Leave out all pictures and retype exactly the lines from the one with "patchaid vitamin patches" through the last line of the material.

§

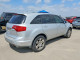 Acura MDX 2007 — Copart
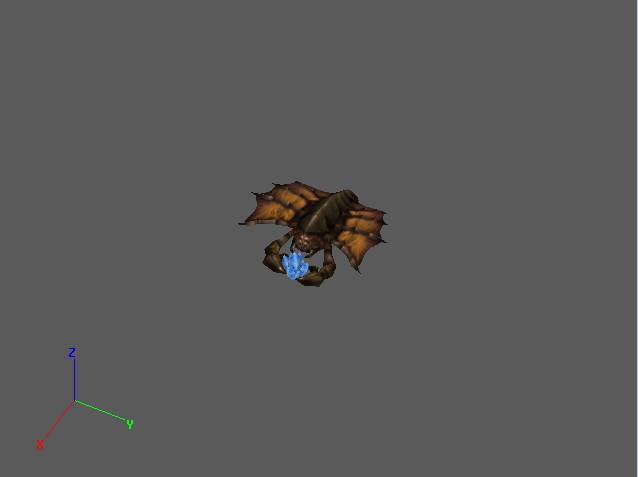 drone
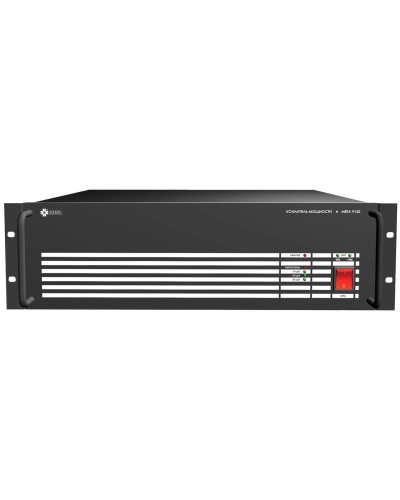 МЕТА 9154-100В. Усилитель мощности. Мета в Петрозаводске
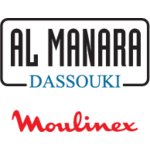 Al Manara Dassouki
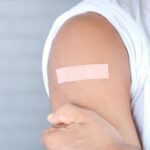 patchaid vitamin patches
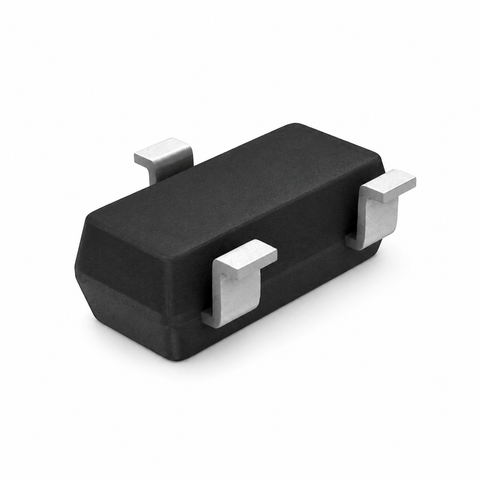 QF1 MOSFET Transistor for L1800 Artisan 1430 – CB53 MAIN Printer Mainboard Power Circuit Repair Replacement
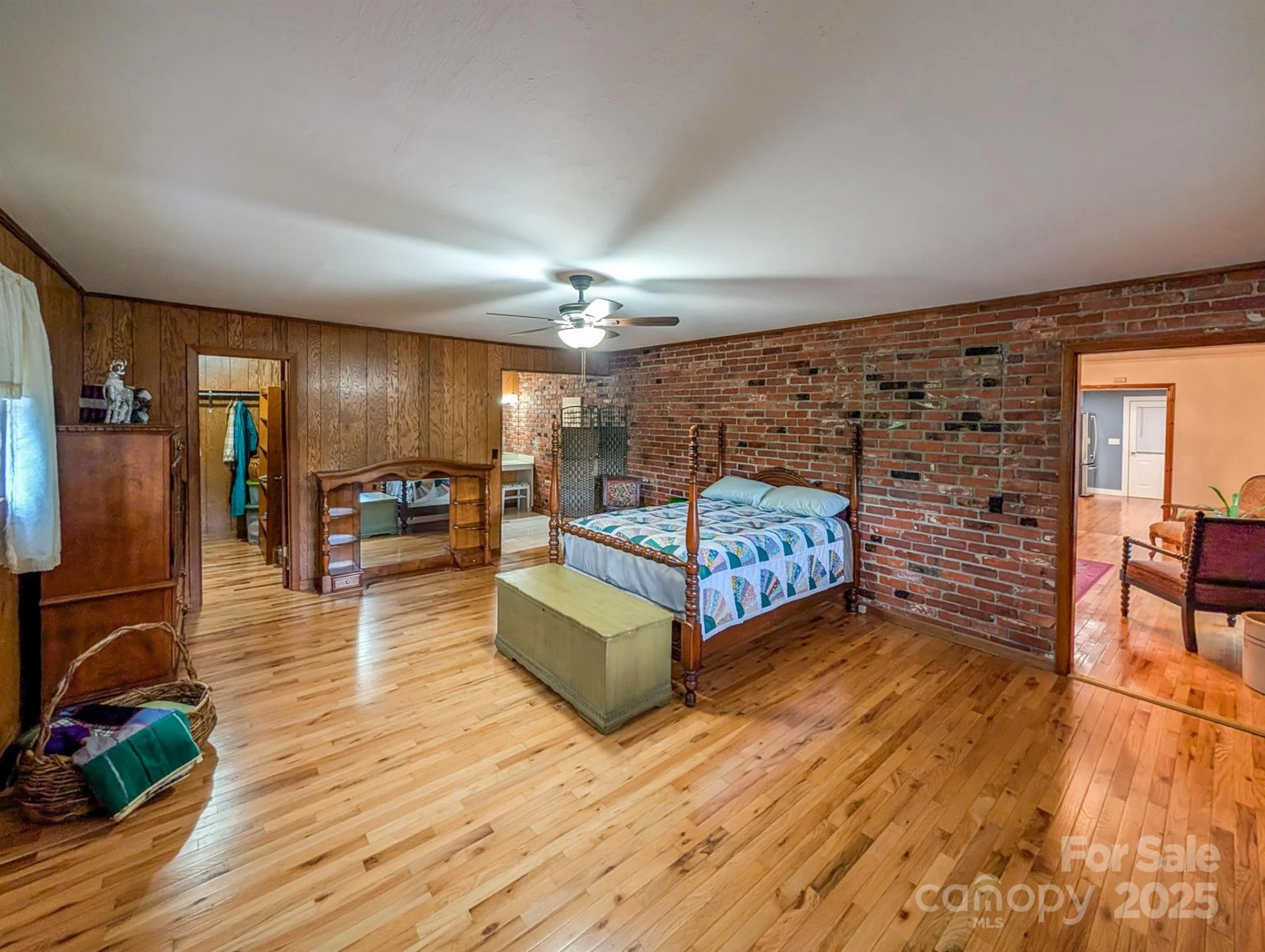 39 Hawthorne Lane - Photo 13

§

● **WRITTEN RESPONSE**:
 patchaid vitamin patches
 QF1 MOSFET Transistor for L1800 Artisan 1430 – CB53 MAIN Printer Mainboard Power Circuit Repair Replacement
 39 Hawthorne Lane - Photo 13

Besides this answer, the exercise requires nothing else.